- DATA EXCERPT:
####

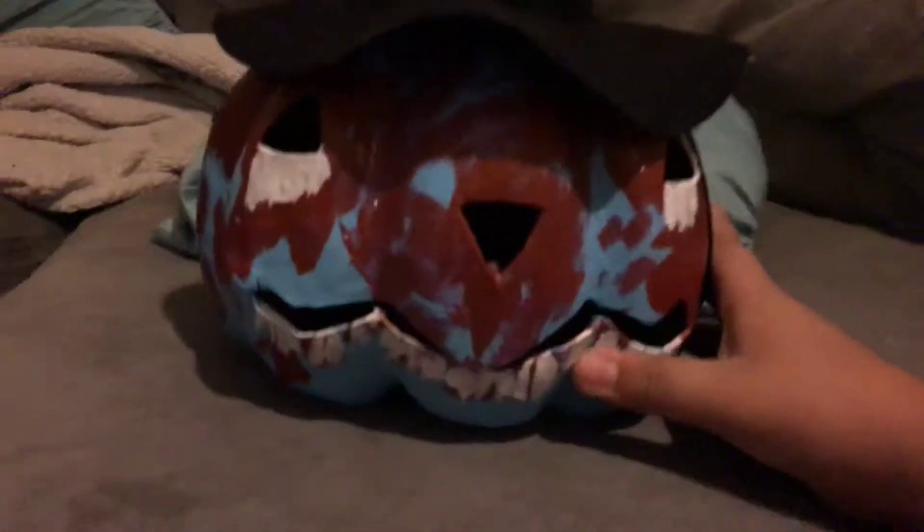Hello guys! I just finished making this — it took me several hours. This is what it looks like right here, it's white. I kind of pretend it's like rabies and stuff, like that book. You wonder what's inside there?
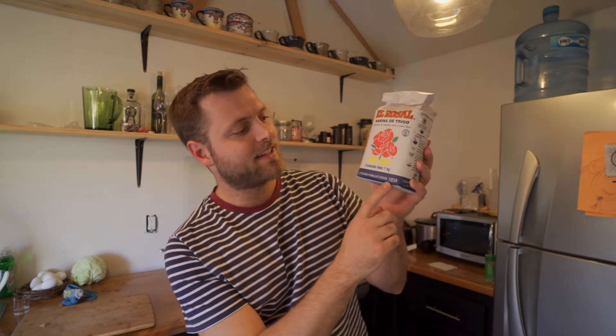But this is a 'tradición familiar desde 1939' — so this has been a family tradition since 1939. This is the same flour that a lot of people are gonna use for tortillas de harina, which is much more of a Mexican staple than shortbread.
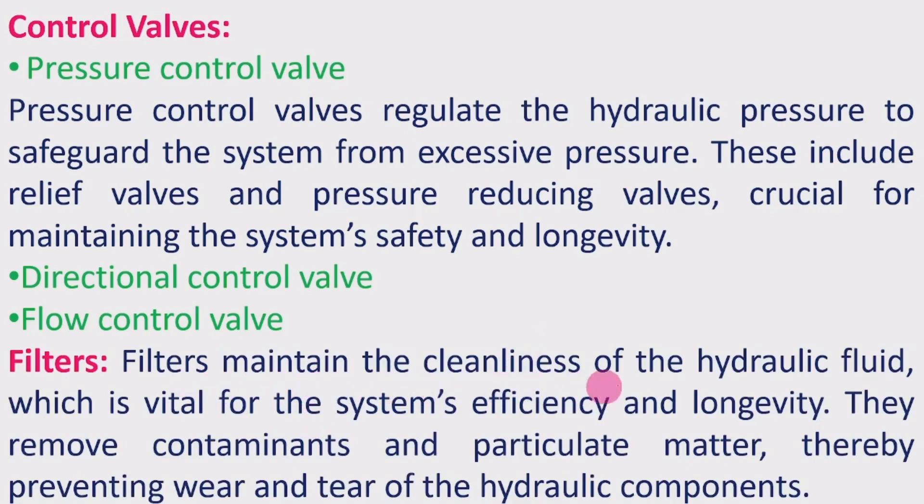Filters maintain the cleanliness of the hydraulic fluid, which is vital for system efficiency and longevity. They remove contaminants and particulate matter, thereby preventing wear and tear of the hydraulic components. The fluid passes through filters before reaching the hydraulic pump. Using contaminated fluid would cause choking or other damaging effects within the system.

####

- WORK ITEM:
Leave the pictures out, and print every line of the listing exactly as written.

- TASK RESPONSE:
Hello guys! I just finished making this — it took me several hours. This is what it looks like right here, it's white. I kind of pretend it's like rabies and stuff, like that book. You wonder what's inside there?
But this is a 'tradición familiar desde 1939' — so this has been a family tradition since 1939. This is the same flour that a lot of people are gonna use for tortillas de harina, which is much more of a Mexican staple than shortbread.
Filters maintain the cleanliness of the hydraulic fluid, which is vital for system efficiency and longevity. They remove contaminants and particulate matter, thereby preventing wear and tear of the hydraulic components. The fluid passes through filters before reaching the hydraulic pump. Using contaminated fluid would cause choking or other damaging effects within the system.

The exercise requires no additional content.